Gratuitous Beauty
- Tricia Webster
- Jun 23, 2019
- 2 min read
Updated: Jun 30, 2019
It happens everyday: sunset. Each day it is unique. It spreads itself across the sky in technicolor, taking a mere 13.8 billion years to arrive in exactly this form at my doorstep. I snapped this shot, then another and another and another, a few weeks ago. It was a fluke that I even noticed, looked up from my computer at the right moment to find the world outside my living room window had been transformed. I let it pull me away from my screen.
Unlike the prints that hang on my walls, this work of art was living, changing from moment to moment to moment. I was torn between a desire to abandon the camera entirely so I could better lean into the miracle, and a desire to preserve it all, for it was so extraordinary. What strikes me today, when the fog is so heavy that chances of a sunset viewing are nil, is that this perfection happens each day, and over my lifespan I can count on my fingers the number of times that I have actually thought to go and seek it out, wait for it, receive its gifts.

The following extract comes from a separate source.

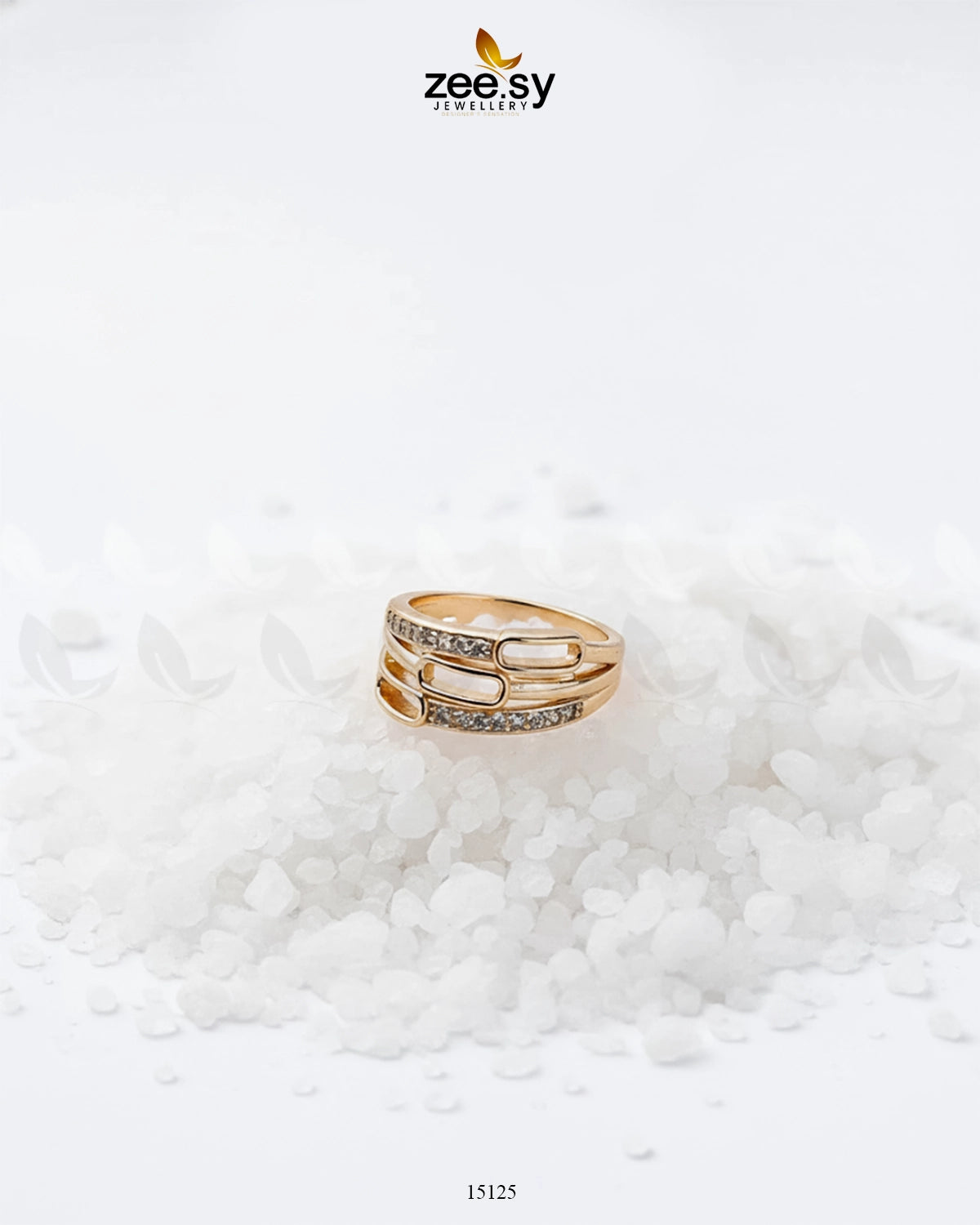 Edgy Ring - Zeesy Jewellery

Each day, this blaze of glory, this mystery and magic, will occur in a way that is completely independent of my needs, preferences or any volition of my own. It offers itself up, as the entire universe does, moment by moment. There are no "bad moments," but there are certainly moments I do not choose to notice because I am lost in thought, lost in worry or fear, or even lost dreaming up some reality preferable to the one I am inhabiting. The sunset is there, whether I notice or not. The fog will creep up the canyon, whether I put down my book to watch or not. The hawk will catch an updraft and disappear over the hilltop, whether I give it my attention or not.

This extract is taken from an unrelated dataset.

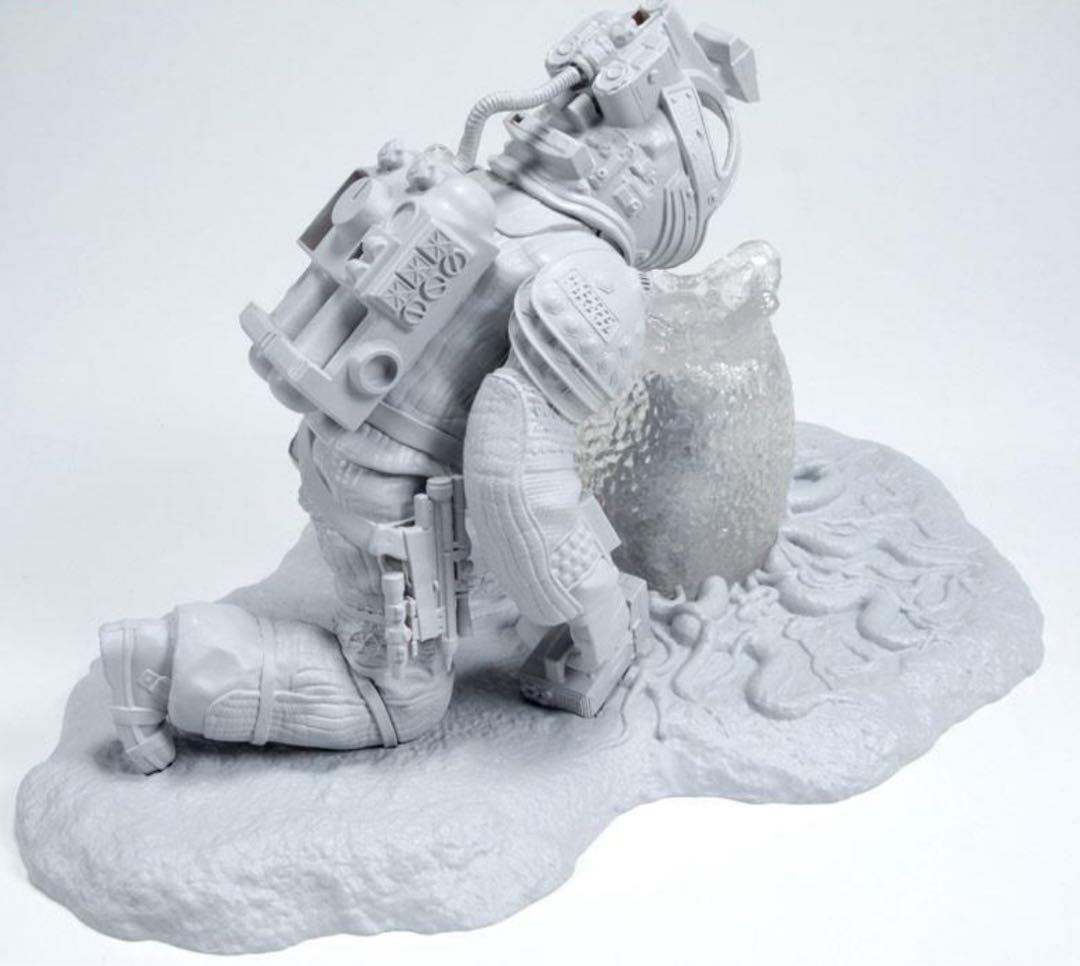 超希少　ポーラライツ エイリアン ノストロモ号副長ケイン レジンキット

I believe the world offers itself to our imagination. It holds out its hands to us, full of gifts, saying "And these are all for you." Each moment is an invitation to join the banquet, yet I starve myself on scraps of stale bread, oblivious to the groaning table set before me. Today, my calling, my reminder to myself, is to receive the moment before me, rather than trading it in on a fabricated moment in my mind. Every moment is an entry point. In Rumi's words: The door is round and open. Don't go back to sleep.